%%
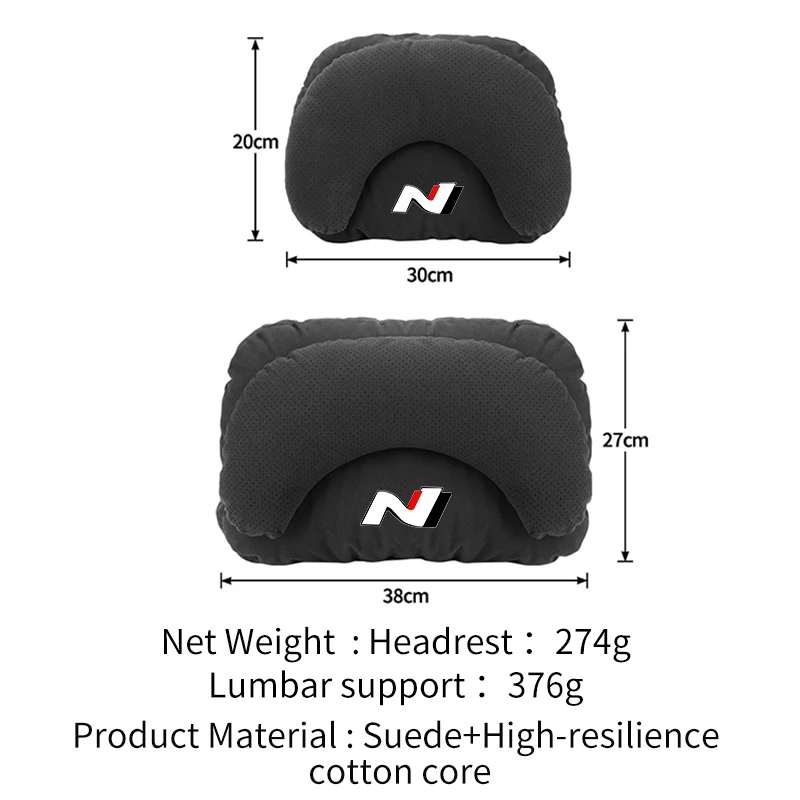 Car Seat Head Support Lumbar Cushion Headrest Neck Pillow For Hyundai I30 I20 IX35 I40 Azera 2014 Accent 2013 H1 IONIQ 5 6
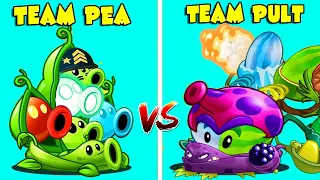 All Plants Team PEASHOOTER vs PULT-SHOOTER - Who Will Win? - PvZ 2 Team Plant vs Team Plant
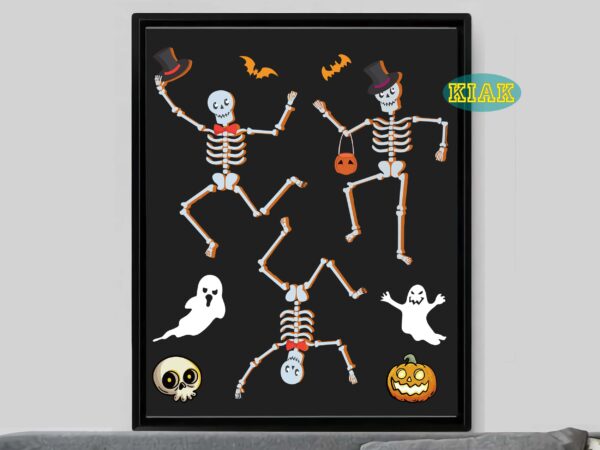 Skeletons dancing on halloween night, dancing skeleton svg, skeletons happy halloween svg, skeleton halloween svg, dancing halloween svg, skeletons dancing png, skeletons dance svg, skeletons svg, halloween svg t shirt template vector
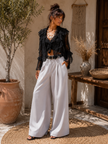 Pantalon Palazzo avec ceinture 💫
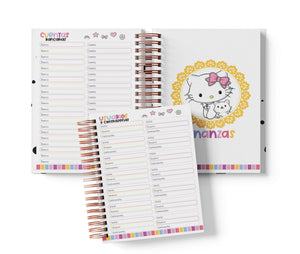 Libreta de Tandas 21 Participantes - Charmmy Kitty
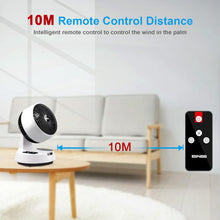 Cargar imagen en el visor de la galería, Ventilador Turbo de Mesa Silencioso 3D – Oscilación, Temporizador y Mando a Distancia

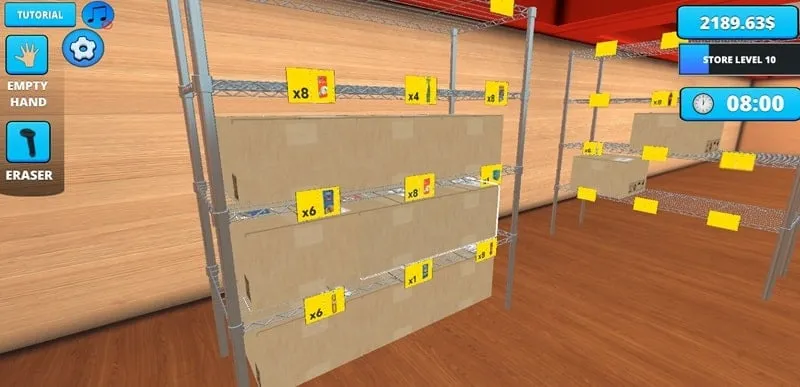 Fitur unlimited money di Retail Store Simulator mod apk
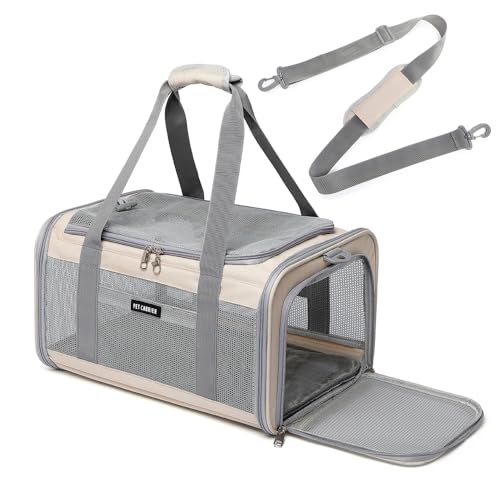 Airline Approved Pet Carrier for Cats and Small Dogs, Breathable ...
%%
[ASSIGNMENT]:
Both the line containing "Libreta de Tandas" and the last line of the listing above belong in the copy, along with every line between them; retype them exactly and omit the pictures.

[EXERCISE ANSWER]:
 Libreta de Tandas 21 Participantes - Charmmy Kitty
 Cargar imagen en el visor de la galería, Ventilador Turbo de Mesa Silencioso 3D – Oscilación, Temporizador y Mando a Distancia

 Fitur unlimited money di Retail Store Simulator mod apk
 Airline Approved Pet Carrier for Cats and Small Dogs, Breathable ...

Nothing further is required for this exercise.